■ **Exercise material**:
+ + + + +

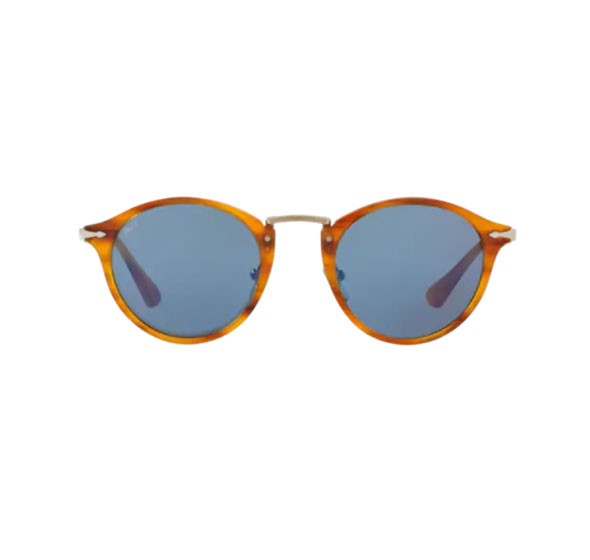 Pareja de Lentes de Recambio Persol PO3166S 960/56 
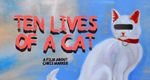 Ten Lives of a Cat: A Film about Chris Marker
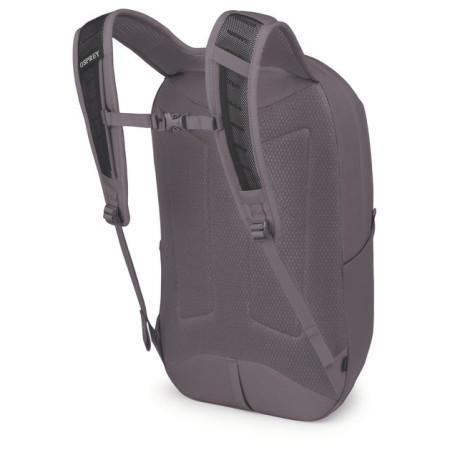 Batoh Osprey Farpoint Fairview Travel Daypack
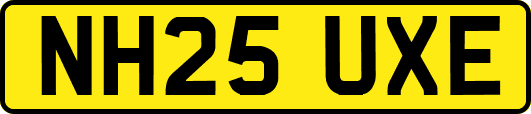NH25UXE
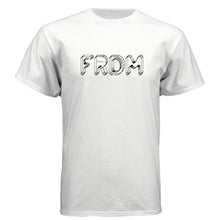 Load image into Gallery viewer, White - FRONT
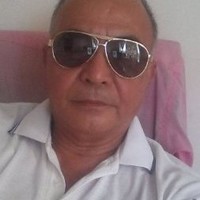 Sammy Su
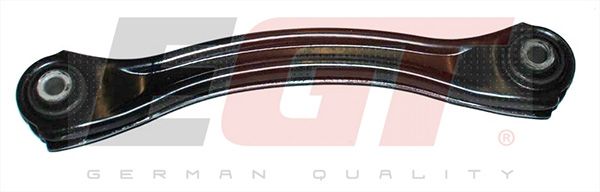 EGT 131042EGT Control/Trailing Arm, wheel suspension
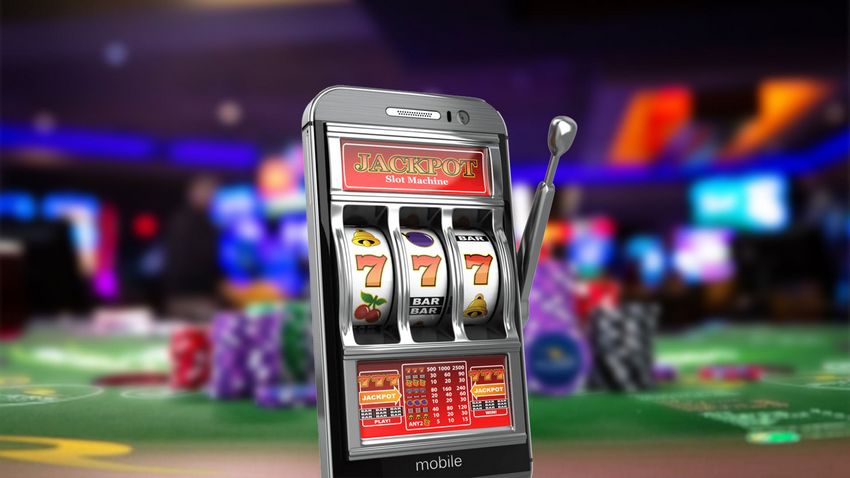 Pourquoi les casinos en ligne surpassent les établissements physiques cet été : guide complet avec Housseniawriting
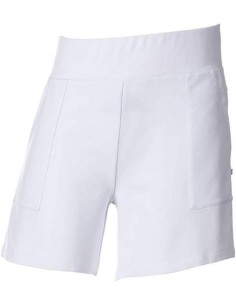 Mariella II Shorts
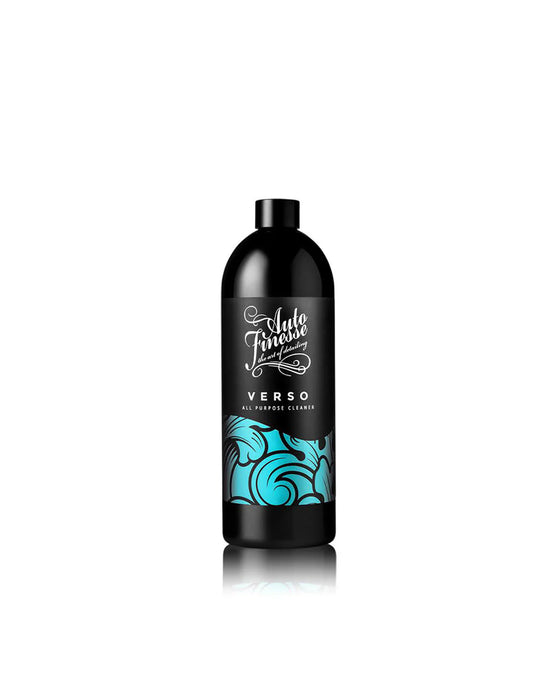 Auto Finesse Verso 1L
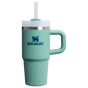 The Quencher H2.O Flowstate™ Tumbler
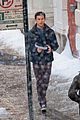 zendaya-tom-holland-set-1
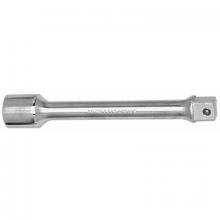 Wright Tool 6408 - Wright Tool 3/4" Dr. Extensions
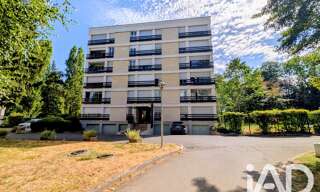 Appartement 5 Pièces 95 m² à vendre à Ézanville (95460)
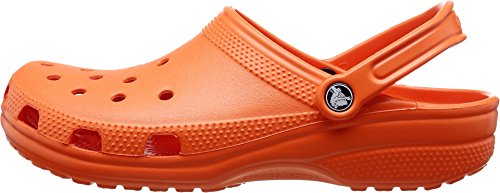 Image of Crocs unisex-adult Classic Clog
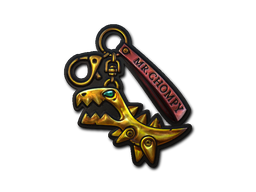 accessory-img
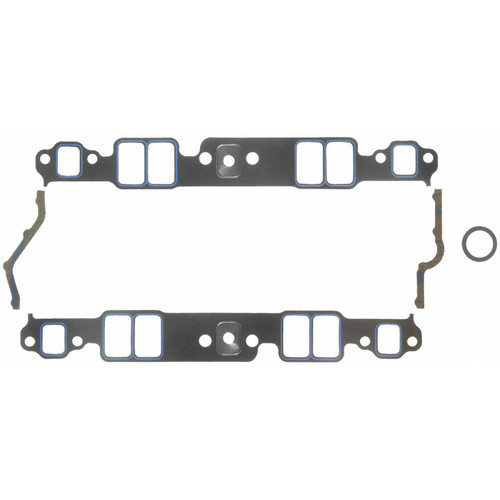 Fel-Pro Ford Ranger 17320 Engine Intake Manifold Gasket Set - 17320 Photo - Primary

+ + + + +

■ **What the exercise asks**: I need the lines from the line holding "Image of Crocs unisex-adult Classic Clog" through the end of the material, inclusive, restated word for word and without pictures.

■ **Answer to the exercise**:
 Image of Crocs unisex-adult Classic Clog
 accessory-img
 Fel-Pro Ford Ranger 17320 Engine Intake Manifold Gasket Set - 17320 Photo - Primary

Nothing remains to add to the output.